Exercise inputs Start Marker

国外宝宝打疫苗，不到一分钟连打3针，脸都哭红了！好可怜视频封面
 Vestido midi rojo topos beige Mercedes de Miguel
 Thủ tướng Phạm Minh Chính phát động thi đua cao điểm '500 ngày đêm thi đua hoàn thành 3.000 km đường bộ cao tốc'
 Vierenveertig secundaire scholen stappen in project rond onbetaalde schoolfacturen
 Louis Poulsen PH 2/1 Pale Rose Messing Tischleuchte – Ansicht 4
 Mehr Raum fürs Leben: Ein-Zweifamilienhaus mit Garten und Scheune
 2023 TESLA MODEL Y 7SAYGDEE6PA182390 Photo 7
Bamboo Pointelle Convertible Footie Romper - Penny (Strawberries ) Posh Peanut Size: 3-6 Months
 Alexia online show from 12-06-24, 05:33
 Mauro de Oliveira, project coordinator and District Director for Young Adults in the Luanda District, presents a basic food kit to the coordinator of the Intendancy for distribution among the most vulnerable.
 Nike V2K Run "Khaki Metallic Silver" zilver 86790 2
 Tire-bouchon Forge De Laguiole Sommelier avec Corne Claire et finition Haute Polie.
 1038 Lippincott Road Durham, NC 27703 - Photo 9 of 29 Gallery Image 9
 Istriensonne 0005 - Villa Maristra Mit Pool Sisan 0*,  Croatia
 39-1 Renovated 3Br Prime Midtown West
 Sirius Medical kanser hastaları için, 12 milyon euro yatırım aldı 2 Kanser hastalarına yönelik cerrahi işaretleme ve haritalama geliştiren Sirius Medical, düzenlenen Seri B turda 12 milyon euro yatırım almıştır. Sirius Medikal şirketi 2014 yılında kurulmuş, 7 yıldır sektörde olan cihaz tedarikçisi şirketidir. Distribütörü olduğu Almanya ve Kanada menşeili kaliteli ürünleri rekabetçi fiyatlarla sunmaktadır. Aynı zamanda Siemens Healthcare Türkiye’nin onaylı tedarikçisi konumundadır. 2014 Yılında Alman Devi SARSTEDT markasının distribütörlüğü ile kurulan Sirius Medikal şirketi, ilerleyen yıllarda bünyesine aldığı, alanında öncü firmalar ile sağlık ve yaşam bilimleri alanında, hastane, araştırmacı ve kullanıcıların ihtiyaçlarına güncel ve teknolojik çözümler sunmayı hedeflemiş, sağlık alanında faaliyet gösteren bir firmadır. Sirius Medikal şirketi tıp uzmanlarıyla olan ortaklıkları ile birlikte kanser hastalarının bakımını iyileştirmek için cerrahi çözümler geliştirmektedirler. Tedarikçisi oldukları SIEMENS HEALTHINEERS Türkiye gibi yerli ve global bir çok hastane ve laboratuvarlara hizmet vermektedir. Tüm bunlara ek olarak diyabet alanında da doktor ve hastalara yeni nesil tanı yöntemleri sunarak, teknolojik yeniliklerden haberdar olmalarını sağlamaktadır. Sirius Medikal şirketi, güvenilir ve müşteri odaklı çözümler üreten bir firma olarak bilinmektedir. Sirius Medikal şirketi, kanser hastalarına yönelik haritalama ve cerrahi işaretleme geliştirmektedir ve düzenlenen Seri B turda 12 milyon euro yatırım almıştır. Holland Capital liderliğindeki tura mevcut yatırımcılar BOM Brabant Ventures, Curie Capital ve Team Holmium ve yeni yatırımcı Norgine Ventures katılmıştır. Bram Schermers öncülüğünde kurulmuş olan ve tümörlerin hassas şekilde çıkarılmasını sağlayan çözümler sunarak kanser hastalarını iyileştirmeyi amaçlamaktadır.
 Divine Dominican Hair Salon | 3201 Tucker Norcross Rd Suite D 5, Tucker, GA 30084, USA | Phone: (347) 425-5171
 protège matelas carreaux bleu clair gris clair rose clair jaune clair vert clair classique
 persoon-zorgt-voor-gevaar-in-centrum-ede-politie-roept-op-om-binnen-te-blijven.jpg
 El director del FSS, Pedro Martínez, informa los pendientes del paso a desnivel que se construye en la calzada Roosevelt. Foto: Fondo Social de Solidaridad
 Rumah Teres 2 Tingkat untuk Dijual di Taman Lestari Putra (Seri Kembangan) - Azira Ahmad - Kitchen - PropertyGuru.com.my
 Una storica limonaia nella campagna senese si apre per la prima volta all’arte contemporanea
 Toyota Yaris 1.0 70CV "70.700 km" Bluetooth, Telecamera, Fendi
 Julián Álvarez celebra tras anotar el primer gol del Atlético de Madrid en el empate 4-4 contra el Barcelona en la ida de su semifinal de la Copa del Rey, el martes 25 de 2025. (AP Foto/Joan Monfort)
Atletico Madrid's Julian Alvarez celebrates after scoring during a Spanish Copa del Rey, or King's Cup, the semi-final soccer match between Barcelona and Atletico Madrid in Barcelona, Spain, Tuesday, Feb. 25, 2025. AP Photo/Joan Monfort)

Exercise inputs End Marker

Your assignment >> Every line from the start of the listing through the line with "2023 TESLA MODEL Y 7SAYGDEE6PA182390 Photo 7" should be reproduced exactly, and no other line.

Task response >>
国外宝宝打疫苗，不到一分钟连打3针，脸都哭红了！好可怜视频封面
 Vestido midi rojo topos beige Mercedes de Miguel
 Thủ tướng Phạm Minh Chính phát động thi đua cao điểm '500 ngày đêm thi đua hoàn thành 3.000 km đường bộ cao tốc'
 Vierenveertig secundaire scholen stappen in project rond onbetaalde schoolfacturen
 Louis Poulsen PH 2/1 Pale Rose Messing Tischleuchte – Ansicht 4
 Mehr Raum fürs Leben: Ein-Zweifamilienhaus mit Garten und Scheune
 2023 TESLA MODEL Y 7SAYGDEE6PA182390 Photo 7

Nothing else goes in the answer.